- Assigned task: Would you set down the data that follows, word for word, without any pictures?

※ ※ ※

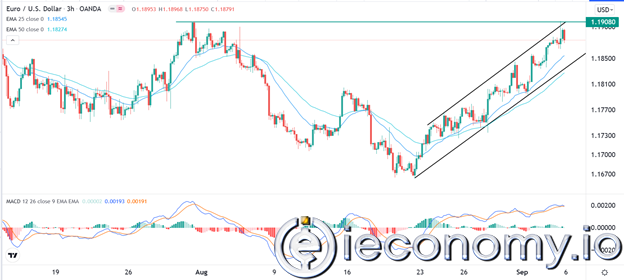 EUR/USD Forex Sinyali: Umulan Kazanç Odağın ECB'ye Kaymasıyla Oluşacak.
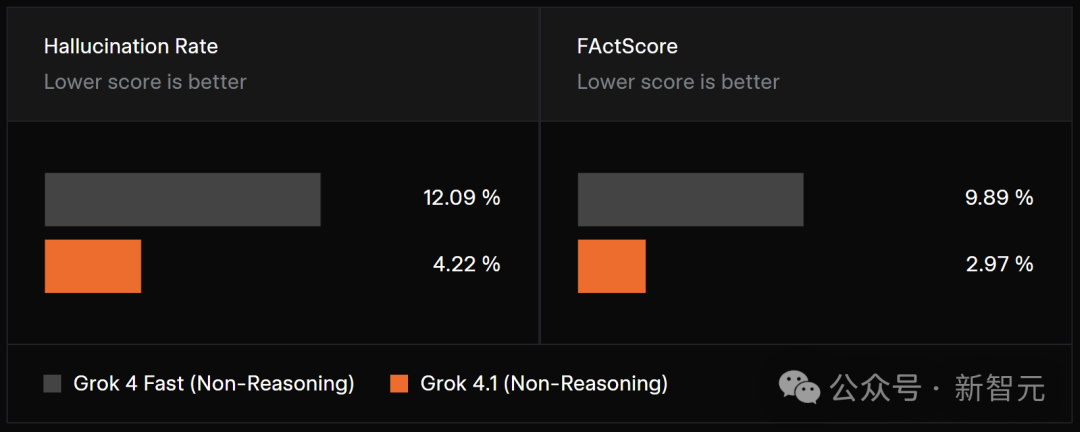 马斯克Grok 4.1双冠封王，爆冲第一！AI王座一夜易主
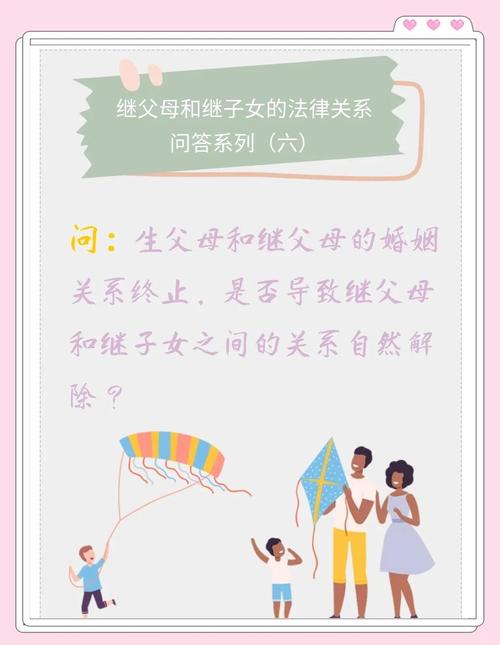 不同类型继父母子女关系纠纷的律所适配参考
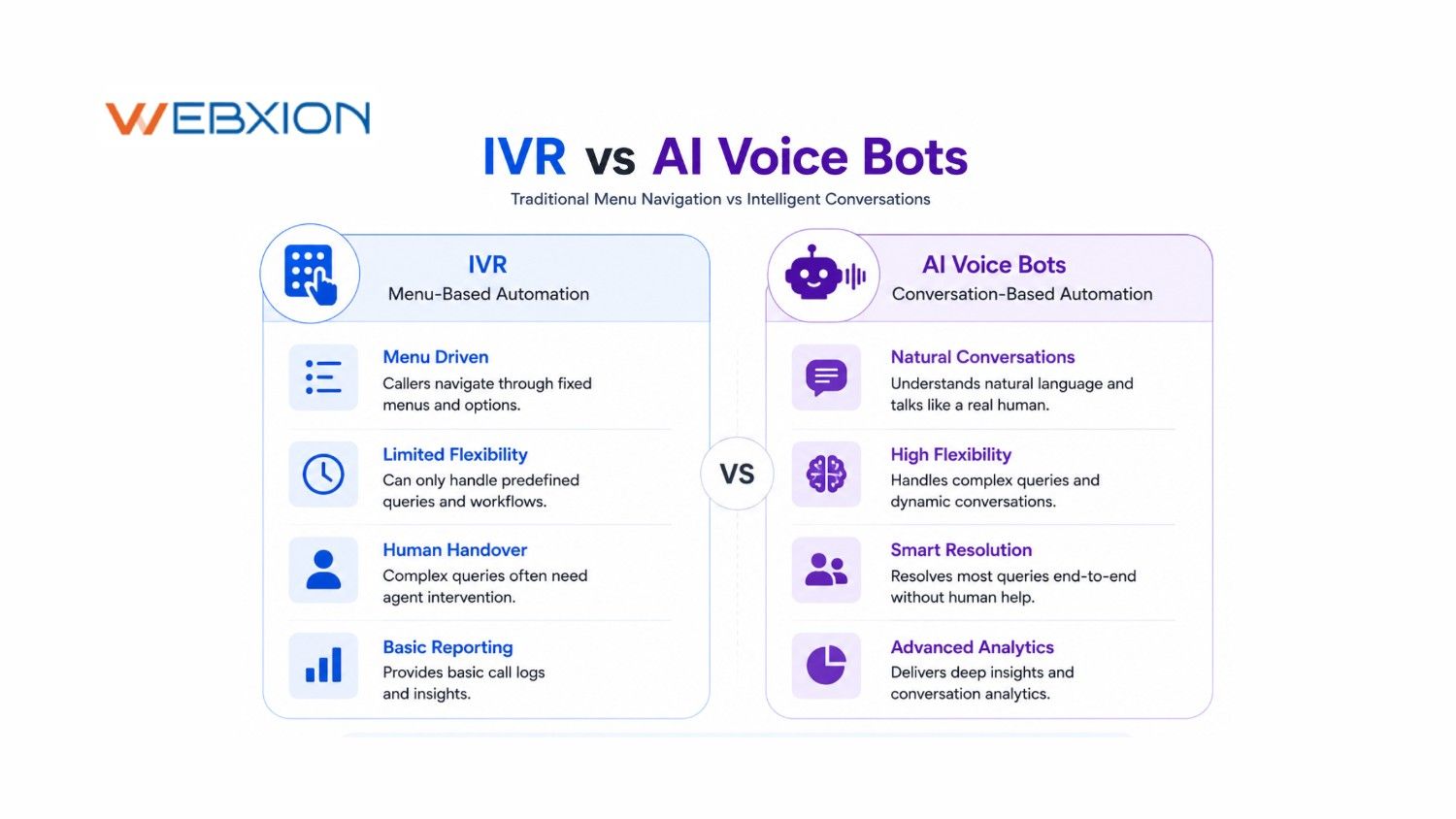 IVR vs AI Voice Bots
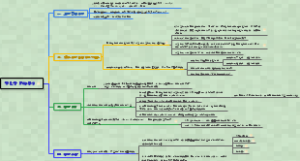 生理学第八章第七节-尿的排放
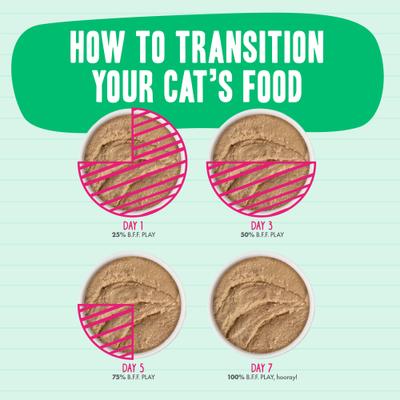 Show full view: BFF Play Pate Lovers Beef & Tuna Ta Da Wet Cat Food, 3-oz pouch, pack of 12 slide 7 of 11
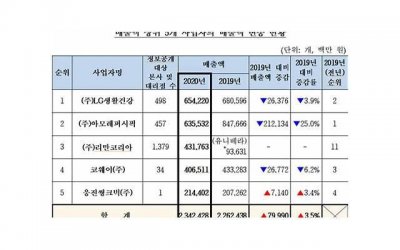 ​年轻人适合在大城市打拼，老年人更适合在农村养老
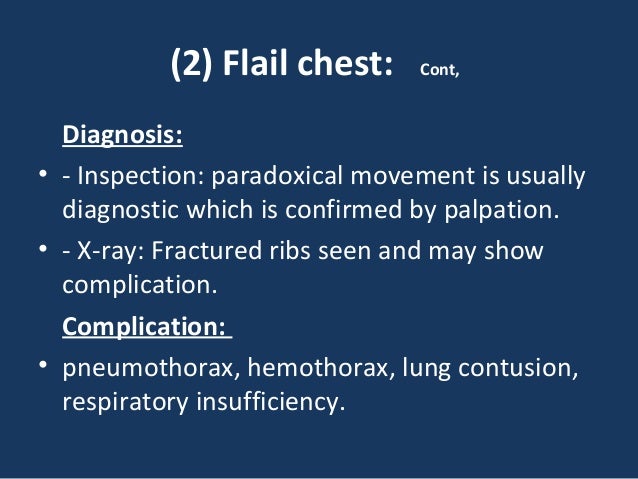 Nursing Diagnosis For Flail Chest – EIYR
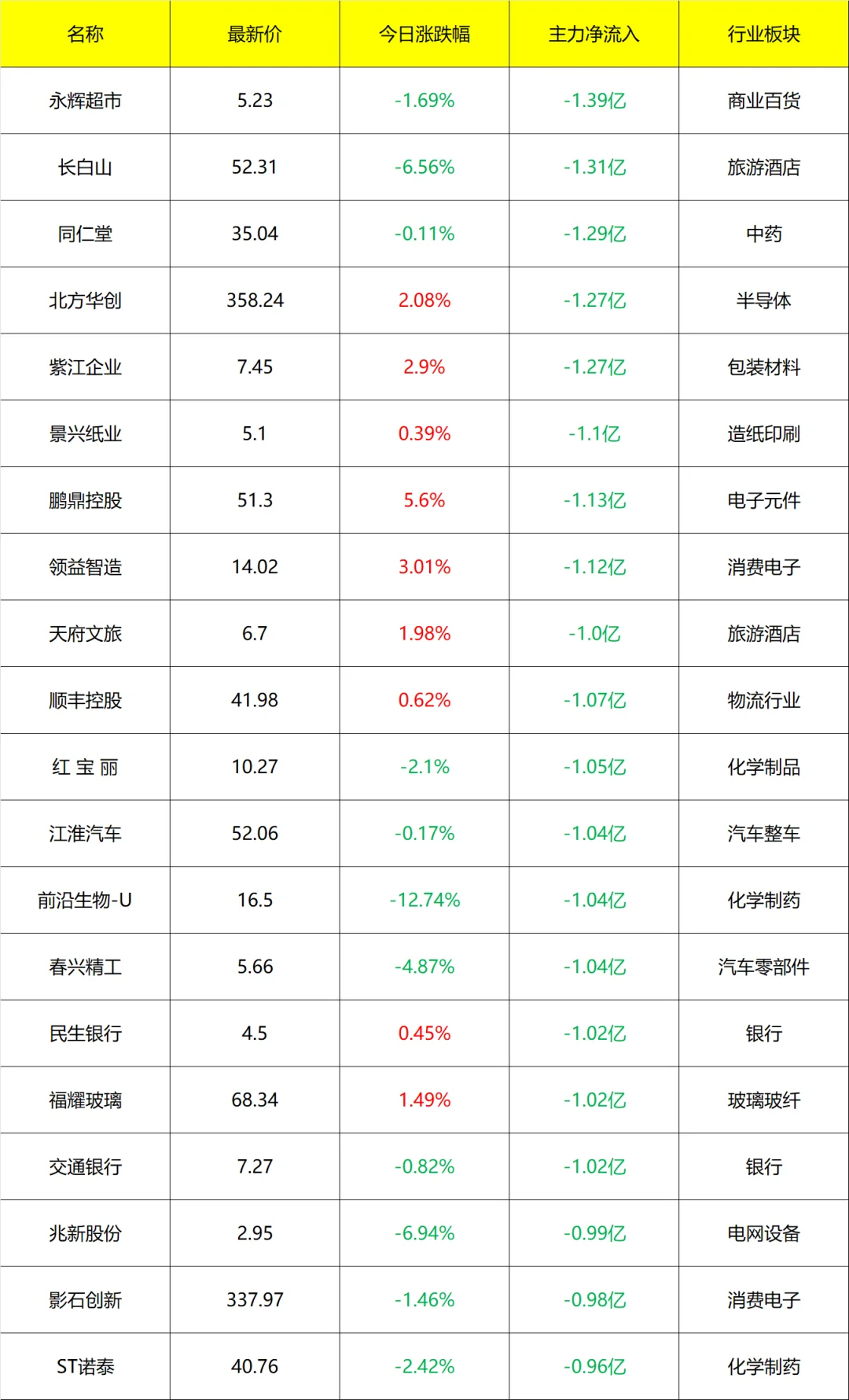 主力流入及流出_14点40分 9月5号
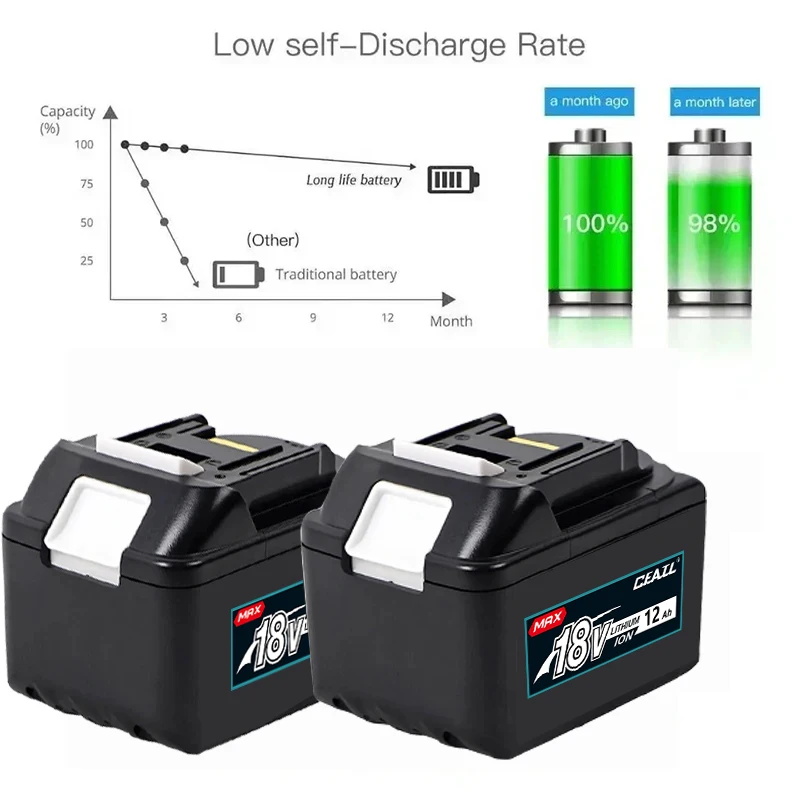 18V 12000mAh/15000mAh/18000mAh Battery, For Makita 18V Power Tool DDF487 DTW700 GBA404 DUC150Z DHR183Z - view 6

※ ※ ※

- Answer to the exercise:
 EUR/USD Forex Sinyali: Umulan Kazanç Odağın ECB'ye Kaymasıyla Oluşacak.
 马斯克Grok 4.1双冠封王，爆冲第一！AI王座一夜易主
 不同类型继父母子女关系纠纷的律所适配参考
 IVR vs AI Voice Bots
 生理学第八章第七节-尿的排放
 Show full view: BFF Play Pate Lovers Beef & Tuna Ta Da Wet Cat Food, 3-oz pouch, pack of 12 slide 7 of 11
 ​年轻人适合在大城市打拼，老年人更适合在农村养老
 Nursing Diagnosis For Flail Chest – EIYR
 主力流入及流出_14点40分 9月5号
 18V 12000mAh/15000mAh/18000mAh Battery, For Makita 18V Power Tool DDF487 DTW700 GBA404 DUC150Z DHR183Z - view 6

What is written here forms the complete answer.